Discussion in 'Android' started by waldgeist, Jun 28, 2019.

  1. waldgeist

    waldgeist

    Joined:
    May 6, 2017
    Posts:
    386
    I'm a bit confused about the recommended way to handle Gradle builds in Android Studio. Somewhere in the Unity docs I found the info, that you should not use the standard Gradle version included in Android Studio, but instead use the one shipped with Unity itself, as part of its application folder.

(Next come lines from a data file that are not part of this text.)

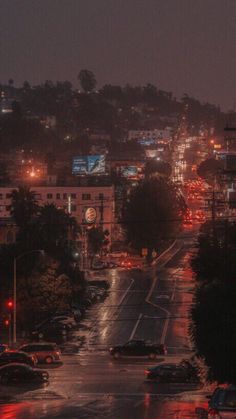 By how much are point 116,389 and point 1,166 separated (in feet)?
485

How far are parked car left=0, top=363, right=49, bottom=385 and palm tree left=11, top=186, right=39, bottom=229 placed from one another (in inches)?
1438

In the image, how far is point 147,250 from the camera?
302ft

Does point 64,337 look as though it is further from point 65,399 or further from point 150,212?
point 150,212

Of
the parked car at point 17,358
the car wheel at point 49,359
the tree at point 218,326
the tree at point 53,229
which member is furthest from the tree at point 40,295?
the tree at point 218,326

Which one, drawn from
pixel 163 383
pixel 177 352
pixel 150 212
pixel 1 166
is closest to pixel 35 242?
pixel 177 352

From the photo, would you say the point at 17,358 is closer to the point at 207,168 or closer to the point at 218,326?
the point at 218,326

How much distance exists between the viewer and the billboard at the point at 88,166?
150625mm

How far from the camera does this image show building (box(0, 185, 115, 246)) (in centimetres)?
11181

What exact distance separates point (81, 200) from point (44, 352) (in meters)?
74.9

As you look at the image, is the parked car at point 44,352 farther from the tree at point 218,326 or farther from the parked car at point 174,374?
the tree at point 218,326

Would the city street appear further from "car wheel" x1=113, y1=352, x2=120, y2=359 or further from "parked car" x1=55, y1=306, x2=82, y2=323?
Result: "parked car" x1=55, y1=306, x2=82, y2=323

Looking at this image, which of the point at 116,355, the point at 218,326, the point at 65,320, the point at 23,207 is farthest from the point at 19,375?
the point at 23,207

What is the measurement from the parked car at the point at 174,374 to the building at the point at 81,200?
72.1 metres

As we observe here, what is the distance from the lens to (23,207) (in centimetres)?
7794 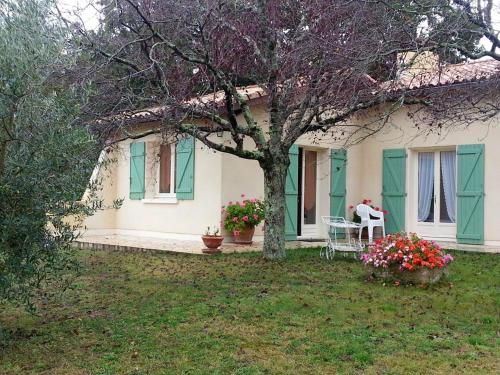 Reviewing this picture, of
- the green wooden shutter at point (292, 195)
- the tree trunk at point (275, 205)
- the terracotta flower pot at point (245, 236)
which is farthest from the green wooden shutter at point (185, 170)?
the tree trunk at point (275, 205)

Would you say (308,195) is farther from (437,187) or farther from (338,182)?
(437,187)

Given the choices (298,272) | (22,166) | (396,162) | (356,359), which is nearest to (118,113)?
(298,272)

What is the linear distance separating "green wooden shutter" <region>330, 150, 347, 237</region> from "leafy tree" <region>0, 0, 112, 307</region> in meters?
8.94

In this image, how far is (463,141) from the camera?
1100 centimetres

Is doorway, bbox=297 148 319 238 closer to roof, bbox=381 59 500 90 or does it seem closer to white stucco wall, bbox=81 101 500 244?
white stucco wall, bbox=81 101 500 244

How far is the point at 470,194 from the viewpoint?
10.8 metres

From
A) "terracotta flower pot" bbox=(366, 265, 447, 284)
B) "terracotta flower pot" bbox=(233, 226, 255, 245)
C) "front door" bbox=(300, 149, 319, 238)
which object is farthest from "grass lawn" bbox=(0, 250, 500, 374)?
"front door" bbox=(300, 149, 319, 238)

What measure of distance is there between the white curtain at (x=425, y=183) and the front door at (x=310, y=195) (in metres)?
2.26

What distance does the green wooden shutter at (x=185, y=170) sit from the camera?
36.7 ft

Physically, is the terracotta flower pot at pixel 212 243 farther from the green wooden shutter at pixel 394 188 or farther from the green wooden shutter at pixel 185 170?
the green wooden shutter at pixel 394 188

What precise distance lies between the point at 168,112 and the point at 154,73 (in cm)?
81

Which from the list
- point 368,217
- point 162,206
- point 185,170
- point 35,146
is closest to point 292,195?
point 368,217

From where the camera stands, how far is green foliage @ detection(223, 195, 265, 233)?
10445 mm

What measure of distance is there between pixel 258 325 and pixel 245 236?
5.83m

    If I do this, builds work, but Android Studio keeps complaining that this version is outdated and I should better upgrade everything. I also need to include some OpenSource Android packages that require specific Gradle versions, like 4.3 and higher.

    My questions are:
    - What is the background behind Unity requiring their own Gradle version?
    - Are the Unity docs even up to date, or could you just use Gradle as provided by Android Studio nowadays? I tried it, and it worked, but I am unsure about it.
    - I plan to compile the custom Android code into Unity Android plugins, so the plugins would have their own Gradle build process. Could I at least use the more recent Gradle version for this, and then later build the actual Unity app with the Gradle version shipped by Unity?
    - What's the general "best practice" when building Unity apps directly from within Android Studio?

    Thanks in advance for any feedback.